The question is easily answered with a question. Do you really have a pattern before the pattern completes? I would argue no. If I am waiting for a three-bar play to form on TSLA and it's still two dollars from where the pattern completes the setup, I am really just gambling if I enter at that point. So I would say no, as pattern traders this is not a valid way to enter trades.
The only caveat I would add is that if you wanted to run a test of how you plan to take these anticipation entries and the data shows that you can make a profit doing it, then by all means take those entries. As for me, I will wait for my patterns to form and stay with what I know works in the long run. I'll leave the gambling to those in Vegas.

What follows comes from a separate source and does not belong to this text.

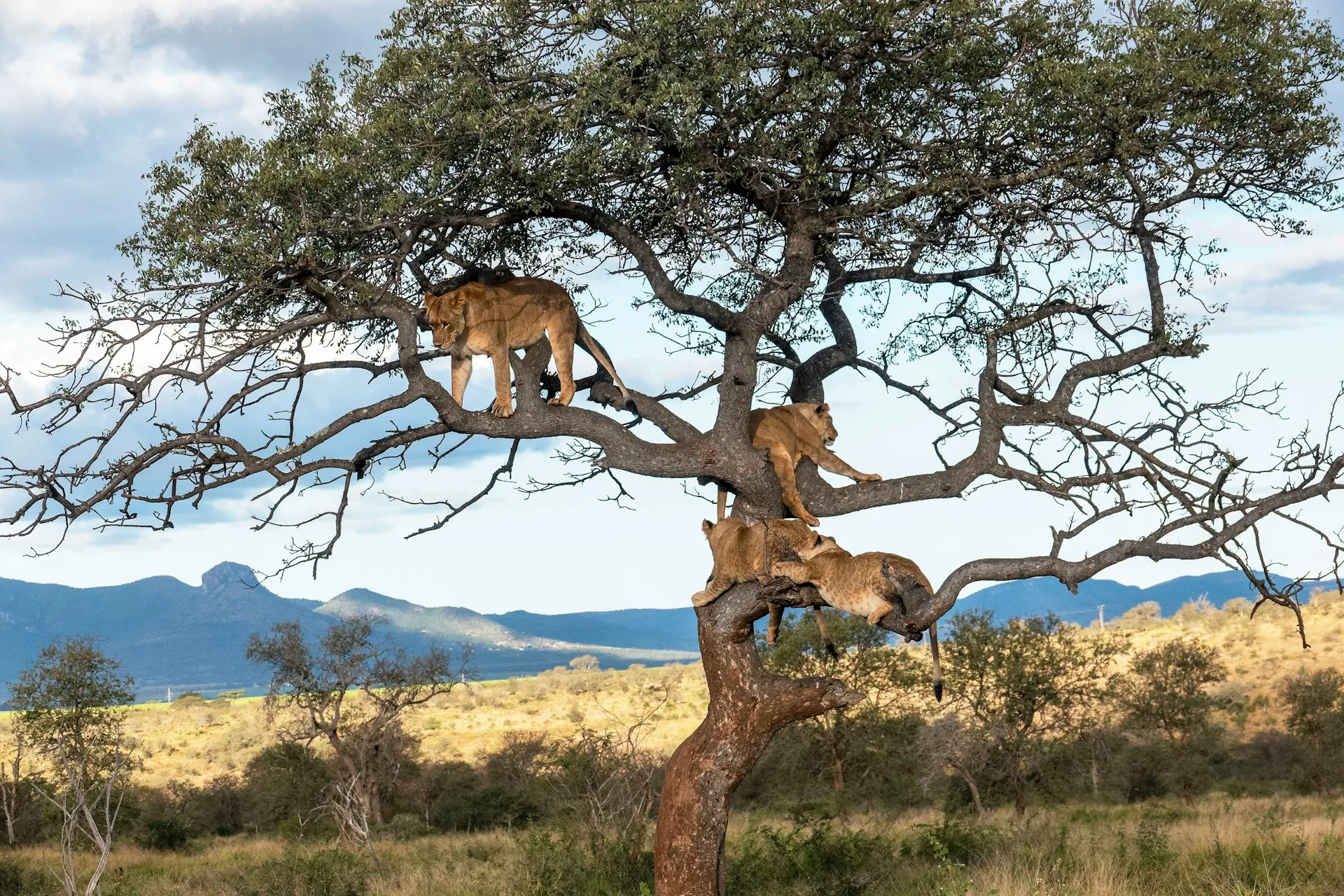 The Grand Northern Circuit Safari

2 trades for me today with +1.5R total
1st Trade QCOM +2R
148.39/149.97 exit 143.25
12% gap down under pivot support and 50ma after a strong daily double top rejection,. I took it on a congestion breakdown with a fairly wide stop, leaving my 2R target 50c over its ATR, slow but consistent move down with great RW, hit my target on the penny before it bounced.
2nd Trade AQB -0.5R
9.40/9.70 exit 9.56
I rarely trade stocks under $10 and even more rarely short them. I liked this daily chart as it broke its uptrend channel and stayed under a strong 9.50 support line enough room to its daily 50ma. I entered after a pullback with a fairly wide stop but only 1/3 of its ATR used at the time. It failed to break down with the strong market open and stayed in a narrow range.

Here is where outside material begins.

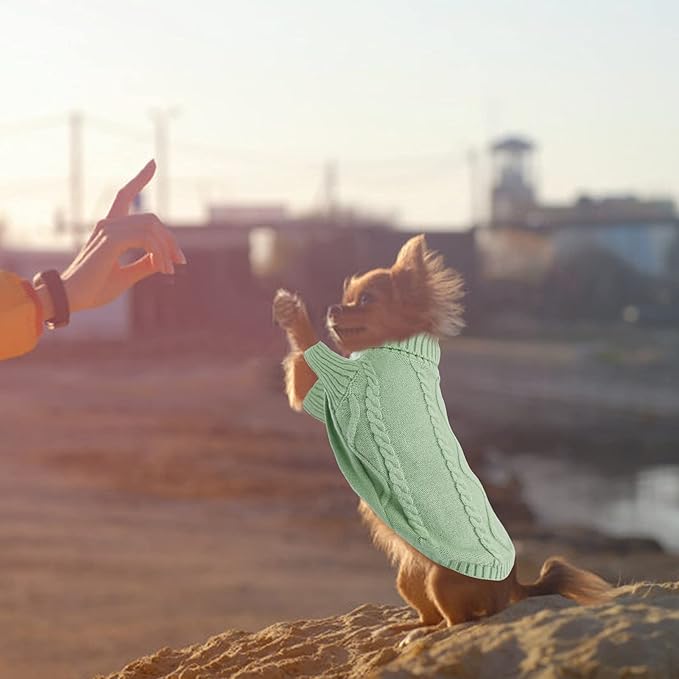 Queenmore Small Dog Pullover Sweater, Cold Weather Cable Knitwear, Classic Turtleneck Thick Warm Clothes for Chihuahua, Bulldog, Dachshund, Pug, Yorkie (Green, X-Small)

I actually broke my plan with this trade as I lowered my stop to a pivot where price made a big bounce earlier at 11am with a large seller sitting there. My thought was that if it breaks that level again then it will likely...
1 trade for (-1R)
I took a BD on QCOM. I was worried about the target being close to the daily range, so I took a tighter stop on the 2 min chart. I am looking through PTS right now, most of the examples have 2 options for where to put your stop. It looks to me like one of the stops would be at the bottom of the main consolidation area, and the other at the bottom of where there has been a shakeout or turnaround bar (if there has been one). Due to the daily range I took the tighter one on this. In hindsight it seems obvious to take the wider stop, but in the moment it looked ok.
I was then looking at the 15 min 3BP on QCOM, but the reason I used a tighter stop in the first place was because of the range. The 15 min 3BP would have needed to have gone even further than the wider stop on the 2 min BD, so I didn't take it.